Reconozco que no me gustan los gatos. No es personal. Pero no me gustan. Así que mientras escribo y Meiga me calienta la barriga y ronronea con ese motor misterioso que tienen los felinos en alguna parte de la garganta, siento una secreta felicidad: la de traicionarme por un rato.
Hablábamos uno de estos días de interminables charlas, David, Carla y yo de poder ser un impostor aunque sea sólo de vez en cuando, de jugar a lo contrario de lo que se espera, del asesinato premeditado, gozoso y alevoso del yo. Acabar con la creencia de que eres bueno, de que lo haces bien y en nombre del bien. También se puede ser torpe un ratito, e incluso tener miedo, aunque muchas veces no te lo permitas.
Romper en definitiva con esa pulsión apolínea de nuestra cultura que nos impulsa a buscar luz donde, a veces, no está tan mal buscar la sombra. Romper con la creencia de que en algún lugar existe una verdad absoluta o una guía absoluta con la que nunca puedes fallar.

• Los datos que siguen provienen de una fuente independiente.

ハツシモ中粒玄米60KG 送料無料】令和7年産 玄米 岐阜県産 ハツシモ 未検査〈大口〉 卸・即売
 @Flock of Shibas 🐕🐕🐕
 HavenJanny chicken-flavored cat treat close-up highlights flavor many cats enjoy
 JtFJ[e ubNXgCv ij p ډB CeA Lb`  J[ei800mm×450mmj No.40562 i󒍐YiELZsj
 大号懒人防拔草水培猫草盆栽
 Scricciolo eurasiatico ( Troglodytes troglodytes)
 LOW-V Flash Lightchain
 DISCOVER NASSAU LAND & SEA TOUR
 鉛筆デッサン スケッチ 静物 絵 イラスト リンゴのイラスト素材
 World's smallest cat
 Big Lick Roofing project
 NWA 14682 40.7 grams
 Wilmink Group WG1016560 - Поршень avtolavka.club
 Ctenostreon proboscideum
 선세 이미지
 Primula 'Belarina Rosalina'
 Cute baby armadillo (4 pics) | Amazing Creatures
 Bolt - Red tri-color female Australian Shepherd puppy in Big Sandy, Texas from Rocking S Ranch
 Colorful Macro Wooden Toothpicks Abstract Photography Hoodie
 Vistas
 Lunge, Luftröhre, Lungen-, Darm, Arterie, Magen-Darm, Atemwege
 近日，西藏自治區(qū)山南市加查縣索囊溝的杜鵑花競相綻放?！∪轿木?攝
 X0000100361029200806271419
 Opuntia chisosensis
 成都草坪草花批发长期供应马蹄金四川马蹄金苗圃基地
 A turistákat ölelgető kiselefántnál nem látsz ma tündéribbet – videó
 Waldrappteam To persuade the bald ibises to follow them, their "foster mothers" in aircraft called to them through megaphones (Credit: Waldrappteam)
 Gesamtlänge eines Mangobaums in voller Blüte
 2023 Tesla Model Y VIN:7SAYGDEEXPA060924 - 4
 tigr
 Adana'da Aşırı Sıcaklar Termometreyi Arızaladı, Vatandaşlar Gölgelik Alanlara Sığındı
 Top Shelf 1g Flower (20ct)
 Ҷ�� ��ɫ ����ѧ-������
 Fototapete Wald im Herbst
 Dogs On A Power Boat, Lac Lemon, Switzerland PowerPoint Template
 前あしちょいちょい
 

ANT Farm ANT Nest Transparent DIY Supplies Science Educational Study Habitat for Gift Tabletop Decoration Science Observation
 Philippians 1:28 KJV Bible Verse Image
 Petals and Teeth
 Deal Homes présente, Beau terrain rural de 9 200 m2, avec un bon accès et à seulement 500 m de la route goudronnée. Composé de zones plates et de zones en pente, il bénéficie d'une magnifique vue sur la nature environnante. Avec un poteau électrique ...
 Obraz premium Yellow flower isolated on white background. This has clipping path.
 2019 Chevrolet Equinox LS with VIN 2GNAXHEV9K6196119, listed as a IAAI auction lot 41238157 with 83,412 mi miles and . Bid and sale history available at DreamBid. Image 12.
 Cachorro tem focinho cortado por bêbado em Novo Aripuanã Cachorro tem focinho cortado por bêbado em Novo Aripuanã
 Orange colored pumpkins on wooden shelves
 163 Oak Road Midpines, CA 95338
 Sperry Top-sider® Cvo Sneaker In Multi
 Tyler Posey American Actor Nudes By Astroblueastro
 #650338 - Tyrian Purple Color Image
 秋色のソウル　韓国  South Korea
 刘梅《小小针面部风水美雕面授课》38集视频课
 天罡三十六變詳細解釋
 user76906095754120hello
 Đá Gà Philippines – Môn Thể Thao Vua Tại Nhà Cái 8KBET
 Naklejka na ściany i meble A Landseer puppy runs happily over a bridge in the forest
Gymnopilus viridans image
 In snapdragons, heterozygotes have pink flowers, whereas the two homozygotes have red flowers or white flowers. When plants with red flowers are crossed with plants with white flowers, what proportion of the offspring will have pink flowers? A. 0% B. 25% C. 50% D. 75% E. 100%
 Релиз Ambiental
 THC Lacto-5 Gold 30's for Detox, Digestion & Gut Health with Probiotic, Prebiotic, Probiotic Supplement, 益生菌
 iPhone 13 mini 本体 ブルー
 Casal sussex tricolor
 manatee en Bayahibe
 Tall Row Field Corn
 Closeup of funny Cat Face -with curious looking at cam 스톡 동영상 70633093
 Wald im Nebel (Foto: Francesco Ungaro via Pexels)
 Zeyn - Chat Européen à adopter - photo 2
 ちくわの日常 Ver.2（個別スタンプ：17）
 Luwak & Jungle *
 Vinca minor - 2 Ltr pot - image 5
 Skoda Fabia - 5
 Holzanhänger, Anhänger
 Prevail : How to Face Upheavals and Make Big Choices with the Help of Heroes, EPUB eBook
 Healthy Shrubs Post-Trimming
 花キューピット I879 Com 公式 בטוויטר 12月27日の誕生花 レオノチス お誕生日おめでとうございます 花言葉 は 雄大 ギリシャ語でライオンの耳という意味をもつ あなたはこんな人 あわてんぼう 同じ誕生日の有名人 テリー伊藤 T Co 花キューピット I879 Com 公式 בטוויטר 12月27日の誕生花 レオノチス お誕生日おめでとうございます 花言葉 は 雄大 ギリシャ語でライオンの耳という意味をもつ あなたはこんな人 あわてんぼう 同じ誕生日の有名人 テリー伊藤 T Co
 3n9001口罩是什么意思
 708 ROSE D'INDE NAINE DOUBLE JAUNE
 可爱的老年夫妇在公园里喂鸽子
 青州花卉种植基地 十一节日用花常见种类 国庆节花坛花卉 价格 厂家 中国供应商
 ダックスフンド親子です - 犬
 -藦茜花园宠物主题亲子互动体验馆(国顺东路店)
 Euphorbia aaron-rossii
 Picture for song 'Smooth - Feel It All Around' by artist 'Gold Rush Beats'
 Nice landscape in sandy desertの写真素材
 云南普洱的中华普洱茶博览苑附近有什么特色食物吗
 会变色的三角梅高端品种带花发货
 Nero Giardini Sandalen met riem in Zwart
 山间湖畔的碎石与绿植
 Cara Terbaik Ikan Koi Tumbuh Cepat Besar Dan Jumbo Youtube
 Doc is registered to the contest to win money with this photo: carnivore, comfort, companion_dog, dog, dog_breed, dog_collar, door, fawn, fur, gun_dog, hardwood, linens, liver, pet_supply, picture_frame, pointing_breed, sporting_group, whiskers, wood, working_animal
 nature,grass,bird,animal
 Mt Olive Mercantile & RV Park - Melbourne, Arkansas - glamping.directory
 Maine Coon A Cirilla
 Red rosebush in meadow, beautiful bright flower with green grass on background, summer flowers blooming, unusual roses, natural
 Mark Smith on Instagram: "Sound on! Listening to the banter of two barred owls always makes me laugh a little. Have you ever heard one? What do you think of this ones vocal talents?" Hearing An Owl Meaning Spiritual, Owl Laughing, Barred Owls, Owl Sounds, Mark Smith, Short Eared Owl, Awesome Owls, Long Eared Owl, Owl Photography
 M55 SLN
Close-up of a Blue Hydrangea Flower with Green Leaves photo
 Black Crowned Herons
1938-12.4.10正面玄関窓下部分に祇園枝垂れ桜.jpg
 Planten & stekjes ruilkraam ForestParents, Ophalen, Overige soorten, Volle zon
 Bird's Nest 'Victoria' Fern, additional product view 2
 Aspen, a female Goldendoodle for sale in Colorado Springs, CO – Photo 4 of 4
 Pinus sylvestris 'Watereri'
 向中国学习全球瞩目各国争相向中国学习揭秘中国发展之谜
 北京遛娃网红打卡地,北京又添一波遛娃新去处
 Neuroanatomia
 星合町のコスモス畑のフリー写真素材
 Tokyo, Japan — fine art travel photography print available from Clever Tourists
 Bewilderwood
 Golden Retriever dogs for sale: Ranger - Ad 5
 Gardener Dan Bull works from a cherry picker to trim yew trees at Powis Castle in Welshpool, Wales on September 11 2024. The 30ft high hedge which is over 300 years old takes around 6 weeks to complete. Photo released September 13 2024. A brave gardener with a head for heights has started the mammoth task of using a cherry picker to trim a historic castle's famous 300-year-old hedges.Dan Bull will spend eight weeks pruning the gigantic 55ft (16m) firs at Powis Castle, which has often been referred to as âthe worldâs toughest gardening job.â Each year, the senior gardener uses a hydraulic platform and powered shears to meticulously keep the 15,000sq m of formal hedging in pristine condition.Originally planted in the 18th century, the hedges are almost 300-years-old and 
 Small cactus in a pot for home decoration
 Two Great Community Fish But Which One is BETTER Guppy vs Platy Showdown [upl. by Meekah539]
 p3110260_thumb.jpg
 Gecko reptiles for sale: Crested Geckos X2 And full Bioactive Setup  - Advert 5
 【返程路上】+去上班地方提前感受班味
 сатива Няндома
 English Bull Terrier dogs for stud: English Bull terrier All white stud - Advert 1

La alegría de saber que todo es imperfecto, y por tanto, humano.
Realmente lo que quería reflejar aquí era mi agradecimiento a Carla y David por regalarme estos días de paz y de recuperación, de subir a la montaña y a las montañas, de escucharles y de aprender, días para sentirme yo mismo, sea lo que sea ese yo (y si es que tal yo existe).
Gracias por saber crear ese espacio, por regalarlo.